This discussion has been locked.
You can no longer post new replies to this discussion. If you have a question you can start a new discussion

Slow large file copies via file-share, but fast if using http (both with IPSEC VPN)

I am experiencing bad performance using Windows Server 2016 to copy backup files across an IPSEC VPN.  The files I'm copying are large (12GB) database backup files.

When using windows to copy the files via shared folder, I get sporadic transfer bouncing between zero and 7+MB/s, averaging around 2MB/s.  When I do the same copy, via http, I get a fairly steady 7+MB/s.

 

Does anyone have any suggestions how to get windows file-copy performance up to something reasonable?

Environment:

"Source"

Physical Windows Server 2008R2 (6-core Xeon, 12GB RAM, Intel GB NIC) behind Sophos SG-230 hardware.

"Destination"

VMWare VCloud VM (hosted by commercial datacenter) Windows Server 2016 (2x 6-core CPUs, 16GB RAM, SSD over fiber) behind a VM running Sophos UTM-9 from 64-bit ISO (8-core CPU, 12GB RAM, VMXNET3 NIC on LAN port, Intel E1000 NIC on WAN)

--- Swapped out the Intel nic on the LAN port as a test, no difference...

Sometimes it gets stuck at zero transfer rate for long enough that the copy crashes with error:

"An unexpected error is keeping you from copying the file.  If you continue to receive this error, you can use the error code to search for help with this problem.  Error 0x8007003B: An unexpected network error occurred."

I've gone through BAlfson's Rulz, as I've seen referenced on other such problems, and find no smoking guns... though I'm not the best at reading the firewall logs... I verified I'm not doing anything that violates the non-log rules.

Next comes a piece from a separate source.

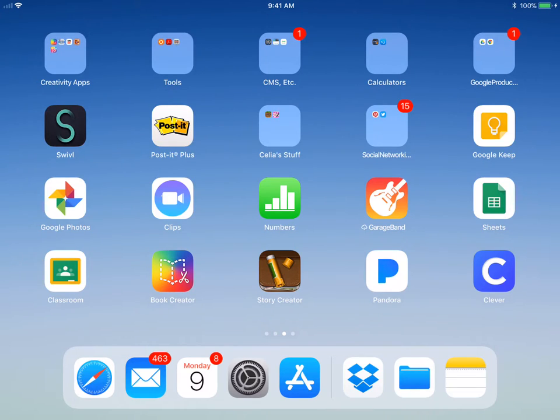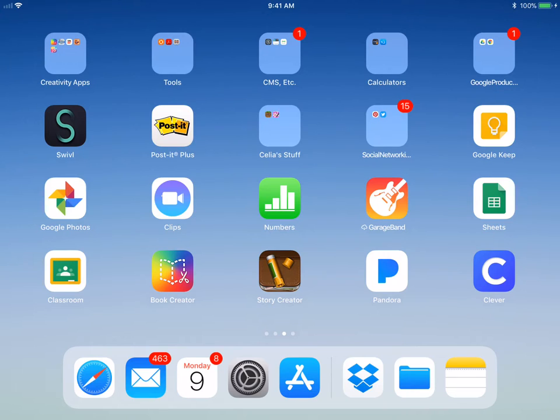If you've downloaded the iOS 11 update, you've probably noticed a few changes. One of the big changes is the Files app, which is basically from Apple. It's on my dock on the bottom, and I'm going to open that up.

Any suggestions appreciated.

Shad



This thread was automatically locked due to age.
  • Run a packet sniffer and see if you are getting a lot of fragments.  VPN adds some overhead to the packets and can cause the packet size to exceed the MTU.

  • Darrellr,

    Both servers involved, and the Sophos SG-230 and the Sophos UTM 9 VM are all configured for MTU of 1500.

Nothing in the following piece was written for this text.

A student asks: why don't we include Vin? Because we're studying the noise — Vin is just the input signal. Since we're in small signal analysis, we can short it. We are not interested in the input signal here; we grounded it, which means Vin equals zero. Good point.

    I did some testing with various packet sizes on PING between the two machines through the VPN. I found that 1394 was the largest that could go through without fragmentation.  So I'm assuming that you are correct and that a Windows "copy" is more than capable of filling a packet beyond that and causing fragmentation/resends.  

    As an experiment, I set both endpoint machines to that MTU, rebooted them, verified that the adapters are showing MTU of 1394 and initiated a moderate sized copy (500MB)... it held fairly steady at 355KB/s transfer rate.... much worse than I was seeing before, though no longer hitting zero, like it did with the default MTU of 1500 on the machines.  This is so much worse that our large backups would take 11+ hours to copy, rather than about an hour or two with the occasional zeroing.  In looking at the adapter properties on the servers, I found that "Jumbo Packets" was set at "standard 1500", which seemed odd to me, but the only other option through the UI was "jumbo 9000", so I'm guessing that's not a direct correlation to MTU that I can see/set through NETSH command-line.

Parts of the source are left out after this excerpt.